Within the context of auctions, the possibility for regret to impact price levels in online auctions has been frequently acknowledged in the literature (Engelbrecht-Wiggans 1989; Engelbrecht-Wiggans and Katok 2007, 2008, 2009; Kleinberg and Leighton 2003). Many researchers have tested the so-called “regret aversion” hypothesis, which states that bidders avoid anticipated winner regret by underbidding, and avoid anticipated loser regret by overbidding (Dodonova and Khoroshilov 2009; Engelbrecht-Wiggans and Katok 2007, 2008, 2009). The phenomenon was initially observed in first-price sealed-bid auctions (Filiz-Ozbay and Ozbay 2007; Engelbrecht-Wiggans and Katok 2007, 2008, 2009). However, recent replications refute the aversion hypothesis (Dodonova and Khoroshilov 2009; Katuscak et al. 2015). These replications suggest that the experimental method, which the earlier studies employed, did not properly operationalize the conditions of anticipated regret (for additional information, see Katuscak et al. 2015).

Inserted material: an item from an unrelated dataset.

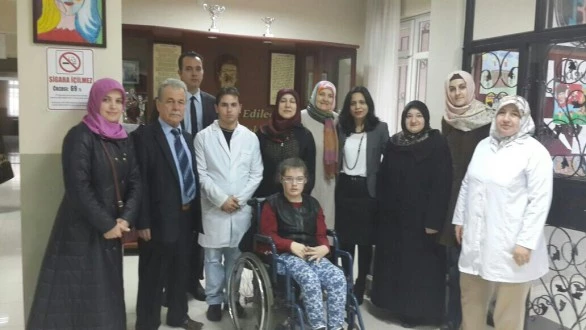 SADET PARTİ KADIN KOLLARI ENGELLİ OKULLARINA ZİYARETETTİ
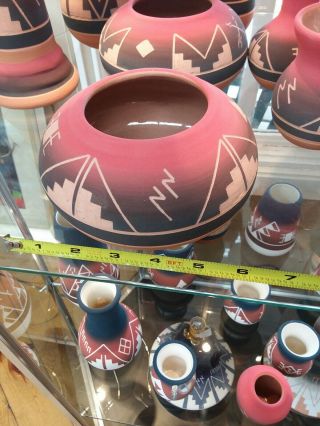 South Dakota Authentic Indian Vase Sioux Native American Red Tan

Finally, in addition to examining the effects of regret on user behavior or other outcomes (e.g. price levels, electronic market profitability), research has also examined some limited antecedents of regret. For instance, regret has been shown to depend on the specific information that is provided to the winners or losers of an auction (Engelbrecht-Wiggans 1989). Recently, regret has also been shown to depend on consumers’ uncertainty about either the product’s objective attributes (e.g., a product’s quality) or the consumer’s own preferences for a product’s known attributes (Jiang et al. 2016). Taking stock of these studies, our study seeks to better understand the antecedents of regret by enquiring into the effects of auction design associated with different degrees of bid disclosure on post-purchase regret.
Related studies on auction design, bidder behavior and bid disclosure
The literature on auction design has a long-standing tradition and a comprehensive review of this literature is outside the scope of this study.Footnote 1 Nonetheless, a number of studies have examined optimal auction design under different market conditions, including the number of participants (i.e. the number of buyers or sellers in an auction), the type of items being auctioned (divisible or discrete items), the number of items being auctioned (single or multiple items), and the extent to which products differ from each other (identical or discrete items). Similarly, other studies have examined how different components of auction design generate performance outcomes (e.g. buyer or seller surplus). Examples of such components include the mechanisms of winner determination, payment determination, the design of information flows, and the bidding language, i.e., the ways through which bidders can express or submit their preferences (Anandalingam et al. 2005).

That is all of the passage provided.